But what elevates this production above the other entries in the series are the Salamander Men. These Kulimonians are superb villains with a brilliant plan to spread their deadly plague across the Earth through the medium of dance! Yes, they’ve got the technology to come halfway across the galaxy, but their first step to world domination is hiring a theatre and putting on a show! lt’s either genius or completely bonkers, or possibly both.
What does become abundantly clear is that they never miss an opportunity to shake their groove thang! They also have lightning bolt halitosis, wear suits and fedoras and flip more often than the Mighty Morphin Power Rangers. One of the film’s highlights is an early fight with Starman, which looks more like a gymnastics contest than hand to hand combat! Their makeup and all over body suits are also a hoot.
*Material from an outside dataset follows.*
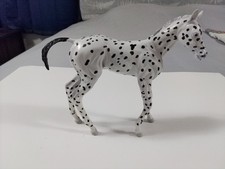 Breyer custom springtime for sale  San Angelo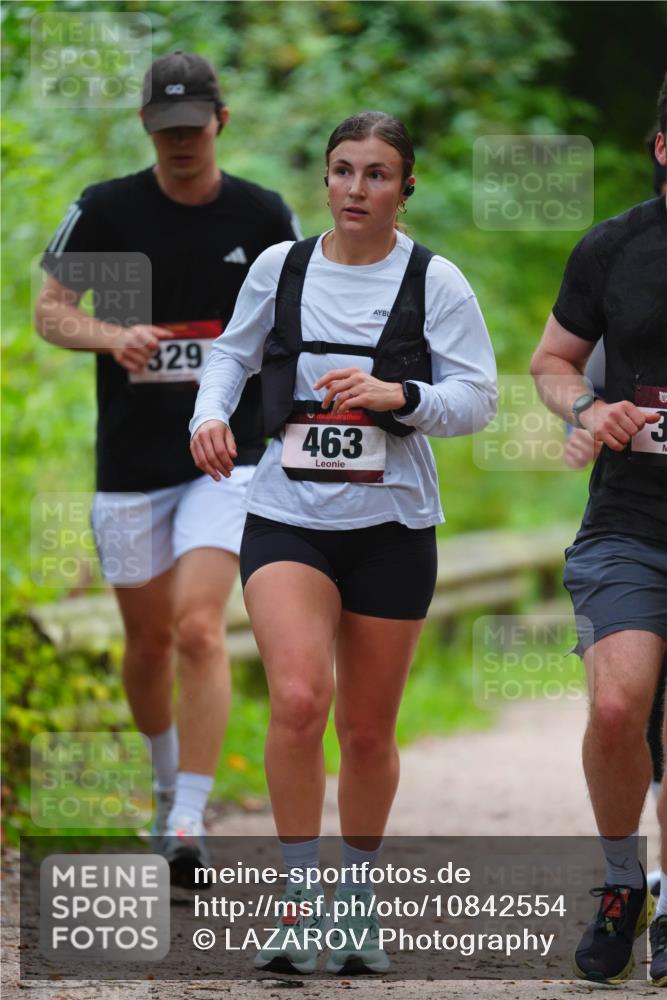 11.10.2026 - Bramfelder Halbmarathon 2026 LAZAROV Photography http://msf.ph/oto/10842554 11.10.2026 10:32:02 Laufen 329, 463 meine-sportfotos.de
By all accounts, this 75 minute feature is stitched together from 2 episodes of the TV show, and only 9 minutes of footage was cut. But, if that’s the case, why is our old friend VoiceOver Man on overtime here? He almost never shuts up with the exposition, which suggests a longer original runtime. Not surprisingly, there does seem to be a little bit of confusion as to which specific episodes were turned into the four mid-1960s features for U.S. release. Even the origin of the name ‘Super Giant’ is a bit of a mystery. After all, Utsui might have been a tall chap, but that’s going a bit far. There’s even a suggestion that the character was named after baseball team, the Yomiuri Giants!
If you’ve already familiar with ‘Starman’ then you know what to expect, but the deliciously evil Salamander Men raise it to a level that the other films in the series simply can’t hope to match.